#### EXERCISE AIM
From the line containing "pants'' crew socks" down to the line containing "Spigen iPhone 18", copy out the entries below exactly, both lines included, and nothing else; pictures do not belong in the copy.

#### TASK INPUTS
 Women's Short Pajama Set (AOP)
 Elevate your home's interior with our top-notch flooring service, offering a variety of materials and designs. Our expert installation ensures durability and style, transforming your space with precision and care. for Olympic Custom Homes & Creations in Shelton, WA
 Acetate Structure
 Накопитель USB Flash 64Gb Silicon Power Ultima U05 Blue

* * *

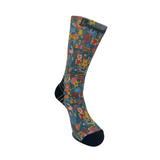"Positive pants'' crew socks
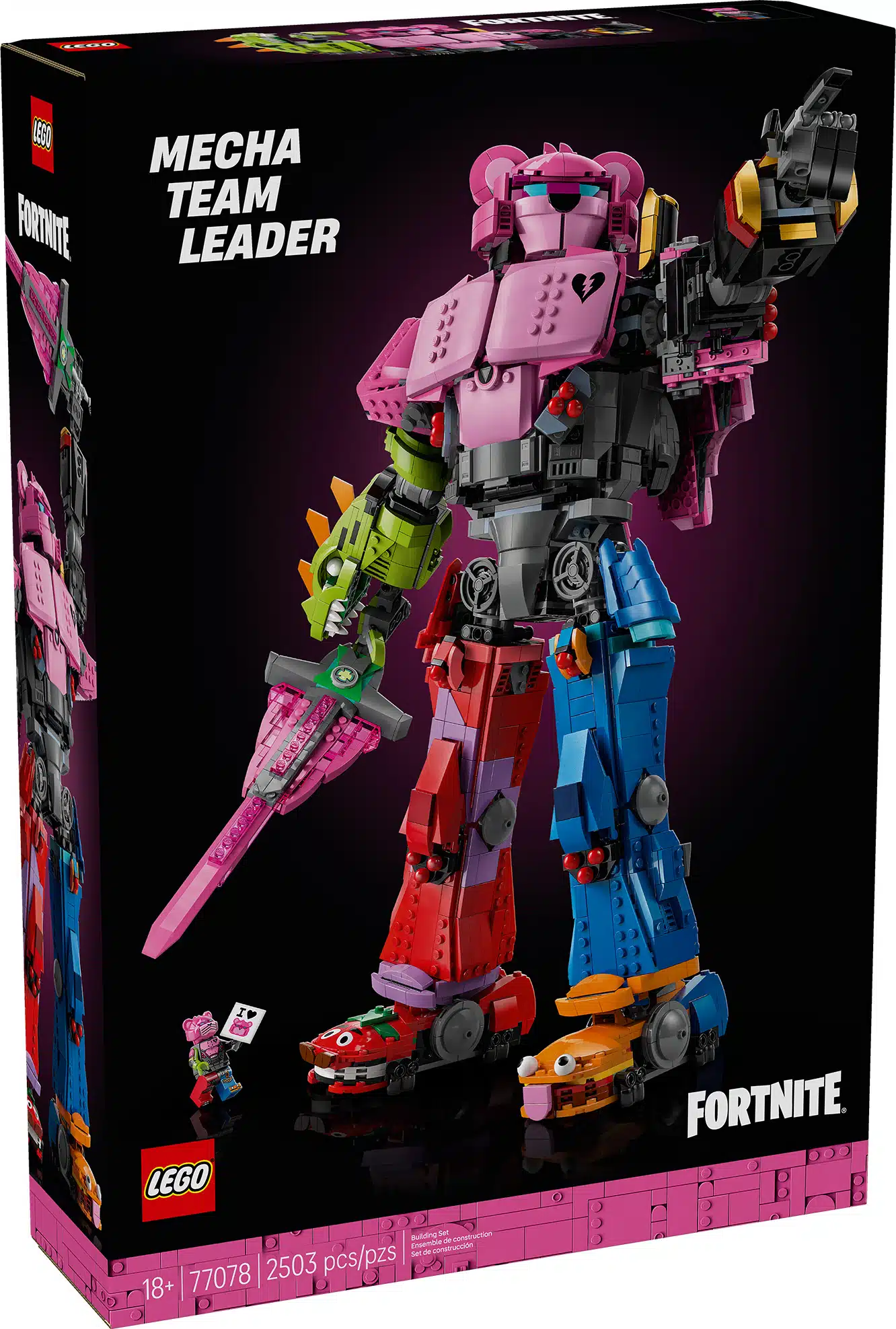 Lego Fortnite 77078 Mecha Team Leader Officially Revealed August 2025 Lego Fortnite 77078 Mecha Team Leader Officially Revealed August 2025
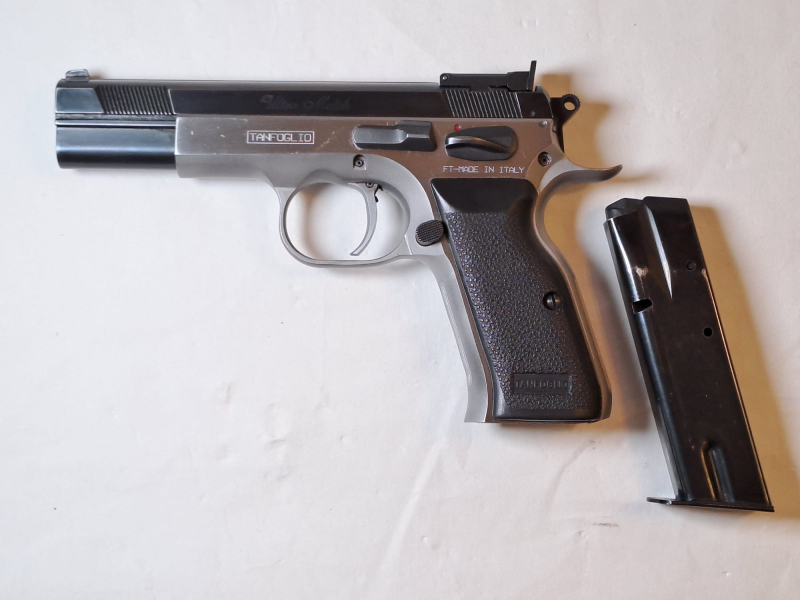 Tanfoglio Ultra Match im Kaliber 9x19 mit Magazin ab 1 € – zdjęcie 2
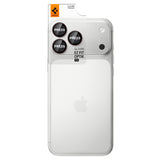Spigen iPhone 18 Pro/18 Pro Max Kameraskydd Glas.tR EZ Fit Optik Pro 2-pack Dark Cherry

#### ANSWER BELOW
"Positive pants'' crew socks
 Lego Fortnite 77078 Mecha Team Leader Officially Revealed August 2025 Lego Fortnite 77078 Mecha Team Leader Officially Revealed August 2025
 Tanfoglio Ultra Match im Kaliber 9x19 mit Magazin ab 1 € – zdjęcie 2
Spigen iPhone 18 Pro/18 Pro Max Kameraskydd Glas.tR EZ Fit Optik Pro 2-pack Dark Cherry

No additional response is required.